A software dealer who Microsoft (NASDAQ: MSFT) charged with engaging in the sale of pirated software is vowing to fight back. Next week he plans to file a complaint with the European Commission alleging abuse of power and anti-trust violations.
Microsoft this past Monday filed a legal complaint against Samir Abdalla, an entrepreneur from The Netherlands, claiming that he illegally sold software in the U.S. that was intended for educational markets outside the United States. He is alleged to have made US$3.6 million from the business. The suit was filed in Los Angeles, together with seven complaints against other software dealers from Canada, Egypt and the U.S.
The software maker is asking for damages as well as an injunction that prevents Abdalla from importing software that is intended for students.
Abdalla hasn’t yet received the complaint.
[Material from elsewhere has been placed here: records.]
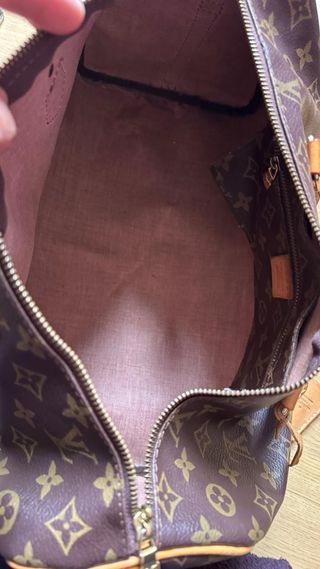 Bolso Speedy Louis Vuitton Marrón 40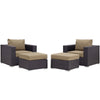 Convene 4 Piece Outdoor Patio Sectional Set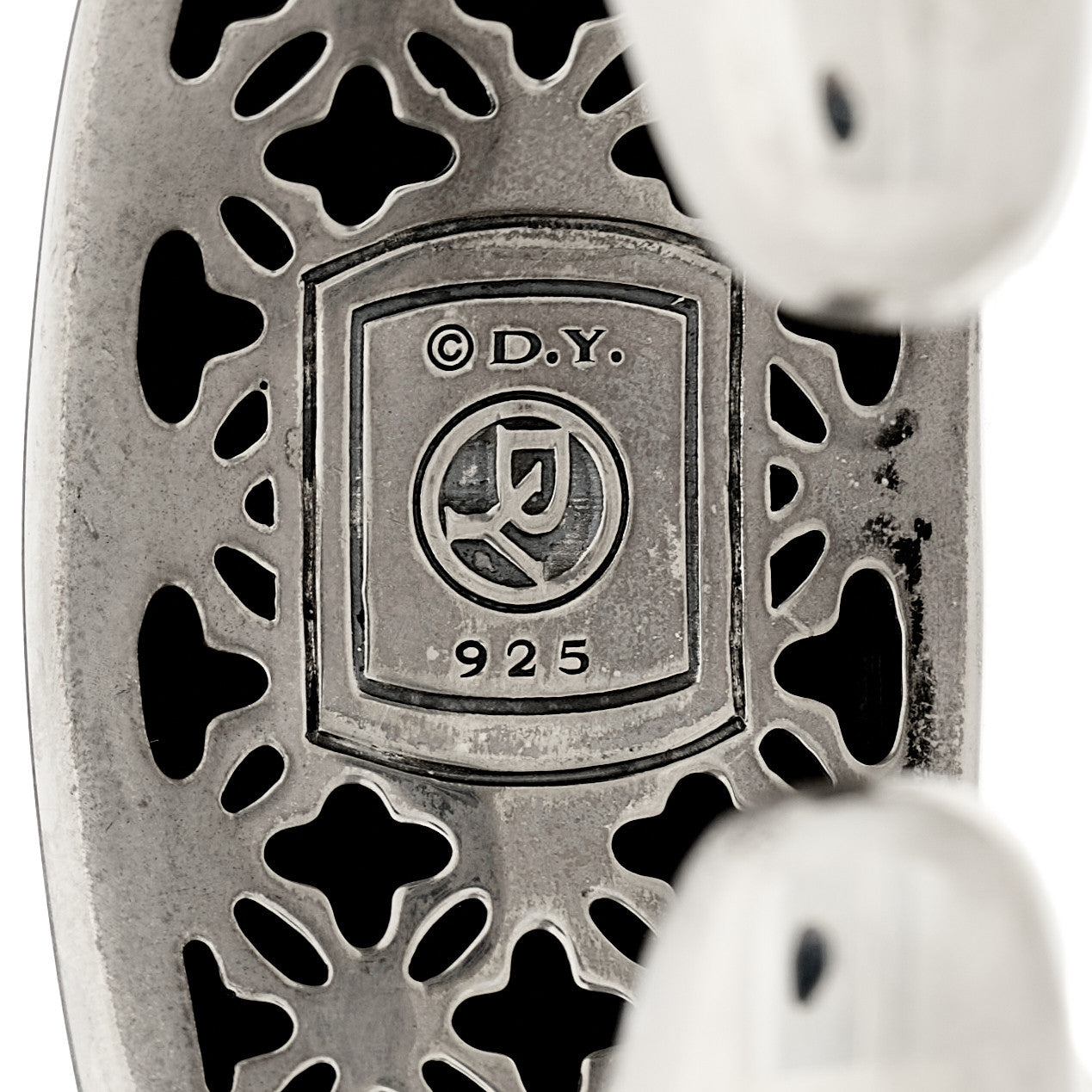 Sterling Silver 27mm Sculpted Cable Cuff Bracelet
He denies the charges that Microsoft put forward in a press release on Monday and claims that the figure of $3.6 Million is a gross overstatement. Instead of battling software piracy, he argues that Microsoft is out to stifle the legal export of software to the United States, Abdalla said.
Through a company called H.W. Tradigin, Abdalla buys Office 2003 Professional, Office 2003 Standard en Windows XP Professional packages in Egypt and exports them to the U.S. Microsoft sells its software more cheaply in Egypt through an educational program intended for students, offering Abdalla a profit of about $10 per package, he claimed. The practice of re-importing software is known as parallel import of gray products. Parallel import is banned in Europe, but not in the U.S. “We don’t do anything wrong. We sell our software as-is to countries where gray trade is allowed. Microsoft shouldn’t come complaining to me,” Abdalla said.
A spokesperson for Microsoft denies that the case revolves around gray trade issues. Instead, the company argues that Abdalla violated the license agreement which stipulates that the software should only be sold to students.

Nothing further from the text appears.